• Work item: The answer must consist of every line in the data that contains "concept".

[[ Data provided, beginning ]]

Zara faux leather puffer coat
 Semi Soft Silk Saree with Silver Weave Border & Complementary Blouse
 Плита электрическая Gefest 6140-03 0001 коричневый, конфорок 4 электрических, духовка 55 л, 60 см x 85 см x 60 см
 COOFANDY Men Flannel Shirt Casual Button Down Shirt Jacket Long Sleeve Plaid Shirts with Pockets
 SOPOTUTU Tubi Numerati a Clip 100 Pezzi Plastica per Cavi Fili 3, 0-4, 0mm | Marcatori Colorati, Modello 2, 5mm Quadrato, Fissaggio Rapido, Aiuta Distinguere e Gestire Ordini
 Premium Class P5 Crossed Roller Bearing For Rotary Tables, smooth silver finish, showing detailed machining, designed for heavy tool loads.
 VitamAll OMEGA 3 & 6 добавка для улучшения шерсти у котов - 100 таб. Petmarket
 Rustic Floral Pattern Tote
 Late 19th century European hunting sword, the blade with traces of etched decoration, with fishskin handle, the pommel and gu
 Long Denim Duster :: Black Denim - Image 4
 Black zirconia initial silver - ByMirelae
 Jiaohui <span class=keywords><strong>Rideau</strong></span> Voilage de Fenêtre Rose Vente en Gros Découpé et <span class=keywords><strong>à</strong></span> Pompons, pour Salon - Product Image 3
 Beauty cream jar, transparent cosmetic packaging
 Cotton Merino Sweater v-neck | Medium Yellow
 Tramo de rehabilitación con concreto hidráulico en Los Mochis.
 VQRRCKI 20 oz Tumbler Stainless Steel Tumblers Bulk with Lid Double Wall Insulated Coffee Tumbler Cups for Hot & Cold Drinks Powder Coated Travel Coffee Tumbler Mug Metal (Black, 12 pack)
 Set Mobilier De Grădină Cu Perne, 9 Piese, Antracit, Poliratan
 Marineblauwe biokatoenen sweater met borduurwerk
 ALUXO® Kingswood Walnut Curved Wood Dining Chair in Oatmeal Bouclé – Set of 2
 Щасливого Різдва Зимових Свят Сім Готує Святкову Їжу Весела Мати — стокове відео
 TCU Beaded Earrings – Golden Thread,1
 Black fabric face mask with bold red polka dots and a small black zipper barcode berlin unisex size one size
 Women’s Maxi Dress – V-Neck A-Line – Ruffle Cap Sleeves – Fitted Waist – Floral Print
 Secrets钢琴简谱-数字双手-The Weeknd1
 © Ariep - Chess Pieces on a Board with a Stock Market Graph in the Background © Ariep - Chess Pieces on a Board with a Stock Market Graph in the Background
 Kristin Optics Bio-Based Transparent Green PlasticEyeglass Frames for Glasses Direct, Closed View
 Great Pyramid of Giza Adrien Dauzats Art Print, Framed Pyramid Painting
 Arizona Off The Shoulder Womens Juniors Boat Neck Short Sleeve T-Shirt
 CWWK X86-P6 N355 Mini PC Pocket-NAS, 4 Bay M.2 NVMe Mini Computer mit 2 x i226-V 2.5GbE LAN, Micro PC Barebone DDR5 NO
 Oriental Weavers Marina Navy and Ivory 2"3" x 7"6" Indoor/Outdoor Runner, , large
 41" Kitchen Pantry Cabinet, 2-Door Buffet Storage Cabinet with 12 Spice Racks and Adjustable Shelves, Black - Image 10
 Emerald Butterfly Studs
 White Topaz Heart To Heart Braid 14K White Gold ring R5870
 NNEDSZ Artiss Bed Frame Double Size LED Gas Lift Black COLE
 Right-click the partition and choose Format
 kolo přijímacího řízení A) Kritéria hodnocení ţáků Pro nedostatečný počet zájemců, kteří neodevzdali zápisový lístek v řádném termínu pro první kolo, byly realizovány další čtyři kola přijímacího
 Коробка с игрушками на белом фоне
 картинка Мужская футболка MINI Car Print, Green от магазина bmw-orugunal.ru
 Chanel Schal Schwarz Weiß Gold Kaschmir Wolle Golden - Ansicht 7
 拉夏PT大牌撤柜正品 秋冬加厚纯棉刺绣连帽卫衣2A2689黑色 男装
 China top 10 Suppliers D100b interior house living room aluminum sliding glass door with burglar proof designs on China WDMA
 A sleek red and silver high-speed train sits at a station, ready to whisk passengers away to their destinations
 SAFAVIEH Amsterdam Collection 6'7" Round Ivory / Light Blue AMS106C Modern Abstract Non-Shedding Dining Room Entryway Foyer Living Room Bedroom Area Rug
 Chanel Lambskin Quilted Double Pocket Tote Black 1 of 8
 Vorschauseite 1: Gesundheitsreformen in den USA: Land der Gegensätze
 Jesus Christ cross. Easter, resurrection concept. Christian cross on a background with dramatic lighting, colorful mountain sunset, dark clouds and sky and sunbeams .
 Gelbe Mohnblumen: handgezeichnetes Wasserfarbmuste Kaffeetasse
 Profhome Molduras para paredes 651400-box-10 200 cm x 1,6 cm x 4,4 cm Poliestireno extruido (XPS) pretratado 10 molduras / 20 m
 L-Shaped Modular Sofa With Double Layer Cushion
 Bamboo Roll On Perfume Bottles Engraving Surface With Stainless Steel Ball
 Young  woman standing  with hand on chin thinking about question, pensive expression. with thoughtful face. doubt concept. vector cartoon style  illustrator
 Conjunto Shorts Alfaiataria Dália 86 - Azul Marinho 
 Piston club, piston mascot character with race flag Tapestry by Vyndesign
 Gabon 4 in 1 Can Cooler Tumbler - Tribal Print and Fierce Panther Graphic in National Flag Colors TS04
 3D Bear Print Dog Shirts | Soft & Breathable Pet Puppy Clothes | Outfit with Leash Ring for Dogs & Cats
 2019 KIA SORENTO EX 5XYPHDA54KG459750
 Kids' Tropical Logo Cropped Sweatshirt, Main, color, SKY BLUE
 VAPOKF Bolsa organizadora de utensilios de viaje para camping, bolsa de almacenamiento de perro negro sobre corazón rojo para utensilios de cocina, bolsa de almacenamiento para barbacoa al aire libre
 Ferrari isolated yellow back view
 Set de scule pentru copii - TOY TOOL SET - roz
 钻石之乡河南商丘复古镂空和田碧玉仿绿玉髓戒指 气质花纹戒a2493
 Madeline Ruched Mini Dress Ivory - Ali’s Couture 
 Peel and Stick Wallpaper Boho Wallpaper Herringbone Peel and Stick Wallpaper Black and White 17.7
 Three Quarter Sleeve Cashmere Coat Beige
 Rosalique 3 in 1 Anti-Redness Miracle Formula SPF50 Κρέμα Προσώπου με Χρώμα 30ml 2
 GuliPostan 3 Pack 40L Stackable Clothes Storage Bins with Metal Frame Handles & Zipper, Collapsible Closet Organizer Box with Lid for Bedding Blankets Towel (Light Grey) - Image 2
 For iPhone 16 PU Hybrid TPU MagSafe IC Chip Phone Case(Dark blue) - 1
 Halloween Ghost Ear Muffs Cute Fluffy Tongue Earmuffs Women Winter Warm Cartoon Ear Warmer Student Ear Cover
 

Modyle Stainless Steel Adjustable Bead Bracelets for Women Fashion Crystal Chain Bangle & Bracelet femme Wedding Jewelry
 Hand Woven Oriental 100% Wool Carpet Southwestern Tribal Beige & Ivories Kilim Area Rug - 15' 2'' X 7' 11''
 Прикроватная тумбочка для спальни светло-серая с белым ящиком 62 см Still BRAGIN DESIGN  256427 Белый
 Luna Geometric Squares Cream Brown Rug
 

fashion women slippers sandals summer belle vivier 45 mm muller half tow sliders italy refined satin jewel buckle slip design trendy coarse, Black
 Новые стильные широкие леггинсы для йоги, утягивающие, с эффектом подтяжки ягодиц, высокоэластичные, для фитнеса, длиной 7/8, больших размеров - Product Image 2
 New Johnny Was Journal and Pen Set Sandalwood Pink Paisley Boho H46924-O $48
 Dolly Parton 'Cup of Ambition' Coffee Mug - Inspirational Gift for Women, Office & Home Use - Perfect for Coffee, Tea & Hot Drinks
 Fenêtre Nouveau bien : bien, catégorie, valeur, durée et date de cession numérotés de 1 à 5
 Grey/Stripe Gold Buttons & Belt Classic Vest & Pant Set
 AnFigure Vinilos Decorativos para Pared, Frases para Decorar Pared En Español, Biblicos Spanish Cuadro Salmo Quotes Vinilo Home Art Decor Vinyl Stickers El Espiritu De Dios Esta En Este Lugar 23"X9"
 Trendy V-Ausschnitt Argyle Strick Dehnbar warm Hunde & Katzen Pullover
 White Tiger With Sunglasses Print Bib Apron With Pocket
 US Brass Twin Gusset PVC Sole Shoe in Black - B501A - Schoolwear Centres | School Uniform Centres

[[ Data provided, end ]]

• Written response:
 Jesus Christ cross. Easter, resurrection concept. Christian cross on a background with dramatic lighting, colorful mountain sunset, dark clouds and sky and sunbeams .
 Young  woman standing  with hand on chin thinking about question, pensive expression. with thoughtful face. doubt concept. vector cartoon style  illustrator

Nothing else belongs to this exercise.